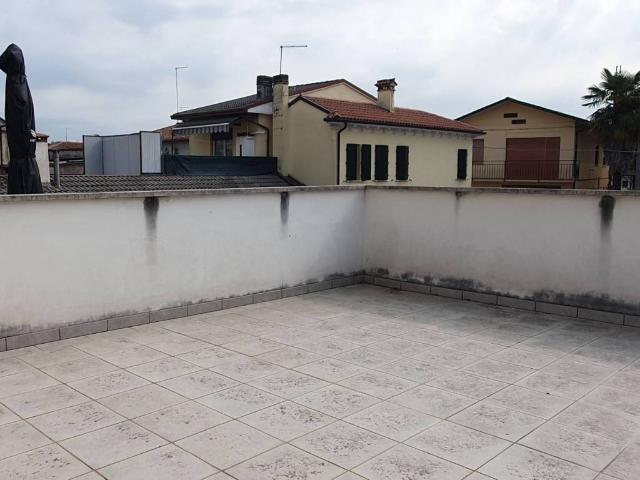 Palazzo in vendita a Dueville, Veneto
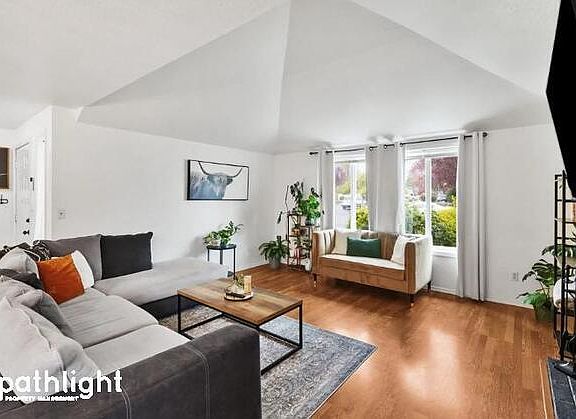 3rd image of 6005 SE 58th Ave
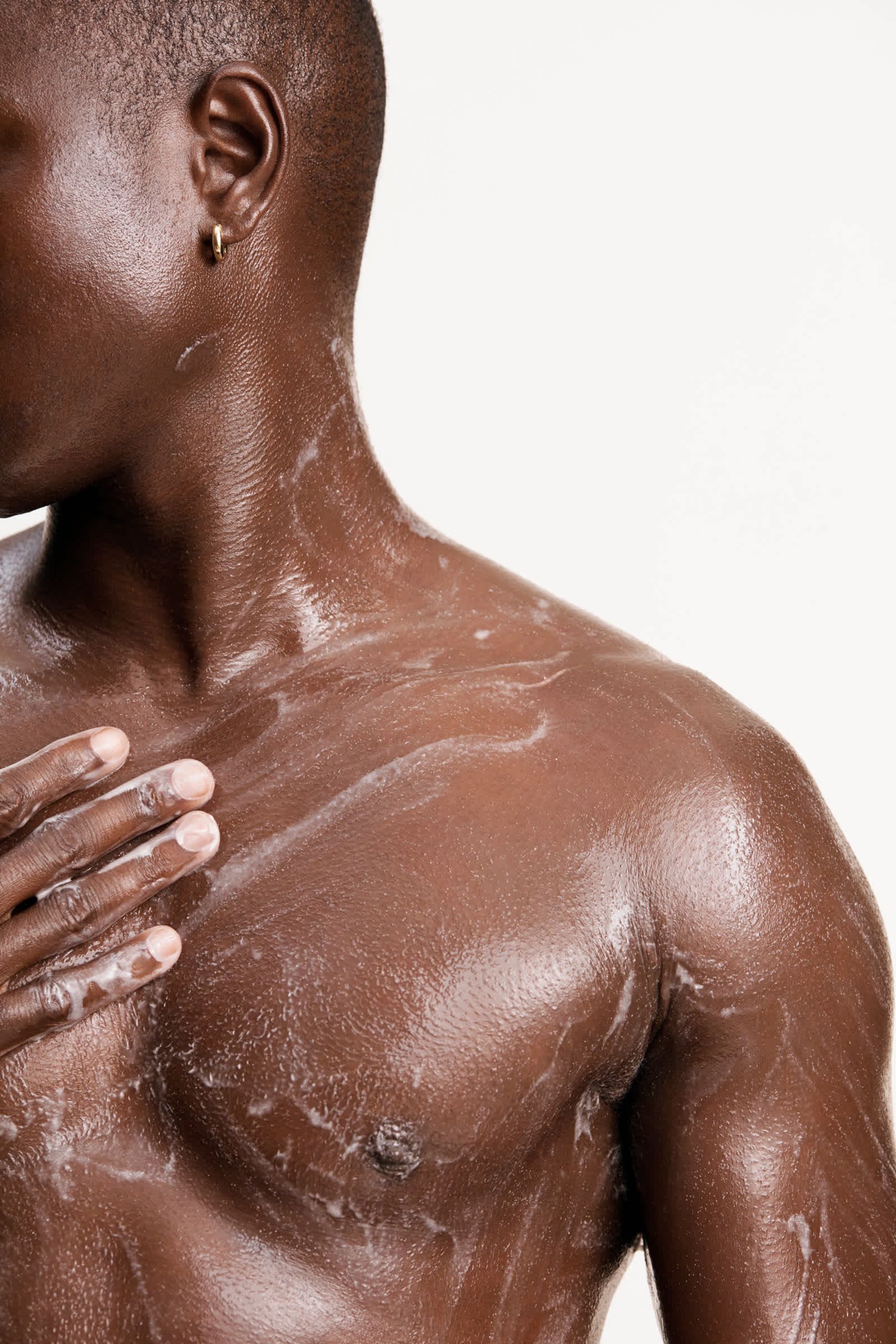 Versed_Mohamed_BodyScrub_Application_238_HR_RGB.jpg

------------

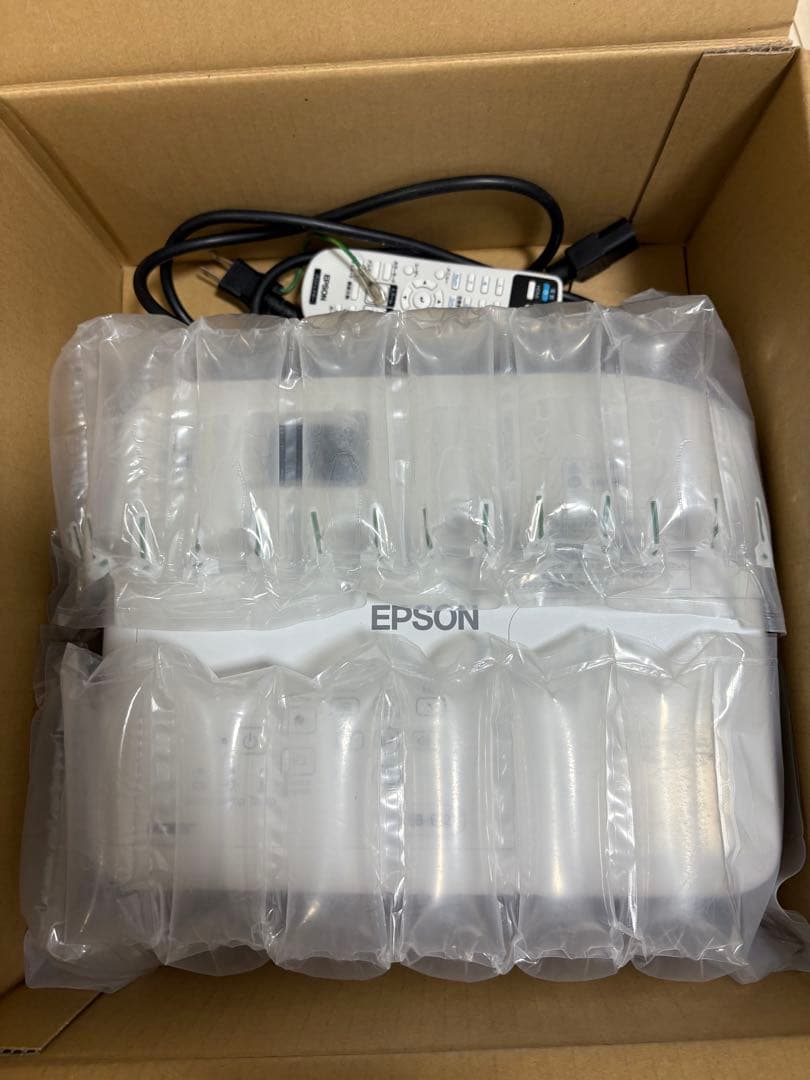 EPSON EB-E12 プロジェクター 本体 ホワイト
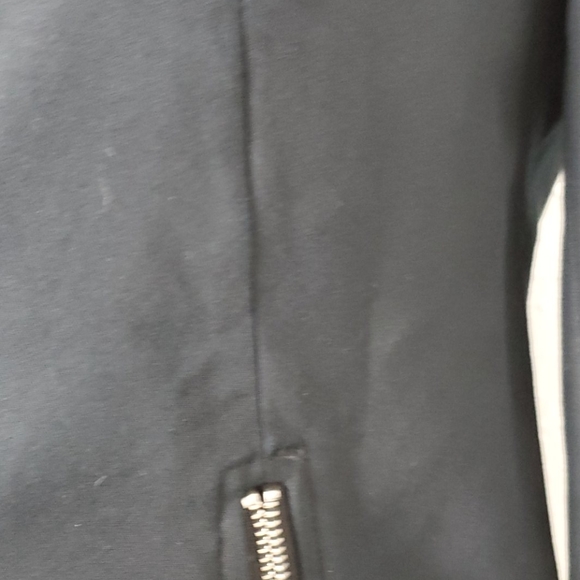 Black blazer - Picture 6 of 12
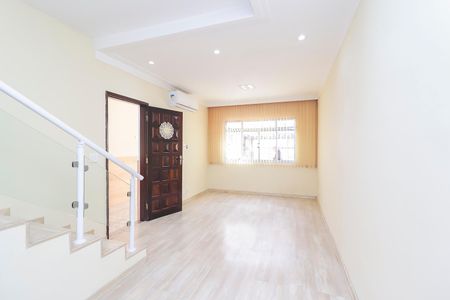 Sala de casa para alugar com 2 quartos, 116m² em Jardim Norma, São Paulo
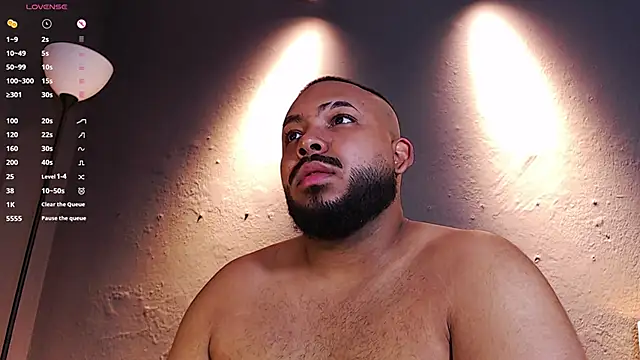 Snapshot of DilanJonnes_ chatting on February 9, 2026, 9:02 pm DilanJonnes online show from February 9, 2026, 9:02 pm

------------

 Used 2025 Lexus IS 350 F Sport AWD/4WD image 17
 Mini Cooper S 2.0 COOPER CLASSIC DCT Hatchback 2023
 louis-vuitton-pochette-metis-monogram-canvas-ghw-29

------------

◆ Activity ◆
Only one part of the material above is to be transcribed, namely the lines starting with the line that has "Used 2025 Lexus" and going on through the line that has "louis-vuitton-pochette-metis-monogram-canvas-ghw-29", exactly as they stand.

◆ Result of this task ◆
 Used 2025 Lexus IS 350 F Sport AWD/4WD image 17
 Mini Cooper S 2.0 COOPER CLASSIC DCT Hatchback 2023
 louis-vuitton-pochette-metis-monogram-canvas-ghw-29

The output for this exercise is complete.